Aber auch in Thailand haben die USA südvietnamesische Wege eingeschlagen. Heute befinden sich bereits etwa 25.000 amerikanische Militärs in Thailand, doppelt so viel wie vor einem halben Jahr. Ein Großteil davon gehört der Luftwaffe an, die, wie bereits erwähnt, zum Teil von Thailand aus in Laos eingreift. Auch die amerikanische Präsenz und die Escalation in Thailand sind „geheim“, da zwischen der thailändischen Regierung und den USA kein Abkommen über die Stationierung amerikanischer Truppen besteht. Über den amerikanischen Stützpunkten weht die thailändische Flagge. (Man versuche einmal, in diesem Artikel überall dort, wo „USA“ steht, „Sowjetunion“ oder „China“ hinzusetzen, und stelle sich dann die berechtigt heftige Reaktion bei uns im Westen vor.)

Der Ausbau Thailands zu einem amerikanischen „Flugzeugträger“ ist in vollem Gang. Um es B-52-Bombern zu ermöglichen, zu starten und zu landen, ist bei Satti- hip am Golf von Siam eine besondere Piste gebaut worden. Bei Khonkaen ist mit dem Bau eines neuen großen Flugplatzes begonnen worden. Eine amerikanische Spezialeinheit von 130 Mann ist eingesetzt worden, um thailändische Spezialeinheiten auszubilden. In Korat befindet sich ein amerikanisches Waffen- und Munitionslager, dessen Bestände genügen, um eine ganze Division auszurüsten. Es wird weiter ausgebaut. In Sattihip wird ein zweiter Hafen gebaut, mit einem besonderen Munitionsverladepier...

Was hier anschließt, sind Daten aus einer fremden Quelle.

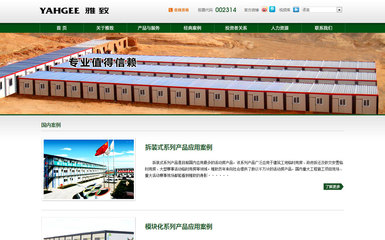 网站设计观点 从单一网页到整体体验的构建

Das alles bedeutet: Die Regierung Johnson scheint entschlossen zu sein,

• in Südostasien auf unbestimmte Zeit die Rolle des „Weltpolizisten“ spielen zu wollen,

• den Kommunismus in Südostasien primär als ein militärisches Problem zu behandeln,

• immer mehr ganz Südostasien als eine politische Einheit zu betrachten, in der Vietnam nur die Rolle des im Augenblick entscheidenden Schlachtfeldes spielt und

• eher einen allgemeinen Krieg in ganz Südostasien zu riskieren als einer neutralistischen Lösung zuzustimmen.

Aber man geht wohl kaum fehl in der Annahme, daß es den USA dabei primär wohl gar nicht um Südostasien geht. Manches spricht dafür — und es ist auch schon offen ausgesprochen worden —, daß die ganze Asienpolitik der USA letztlich diktiert ist von der berechtigten Furcht vor der Entwicklung in — Lateinamerika. Gelingt es nicht, koste es was es wolle, Südostasien gegen den Kommunismus zu immunisieren, dann — so lautet diese Überlegung — bedeutet das für die kommunistische Weltbewegung einen derartigen Erfolg, daß katastrophale Rückwirkungen vor allem auf die explosive Situation in Lateinamerika zu befürchten sind. Daran mag etwas Wahres sein. Bloß wäre zu fragen, ob die bisherige amerikanische Lateinamerikapolitik nicht ganz entscheidend mitgeholfen hat, dort eine solche explosive Situation zu schaffen, und ob es denn eine klügere Politik ist, durch die Wiederholung der gleichen Fehler in Südostasien die lateinamerikanische Revolution zu ersticken. Denn hier wie dort gilt, daß die soziale Frage nicht mit Militärstützpunkten und Bomben zu lösen ist.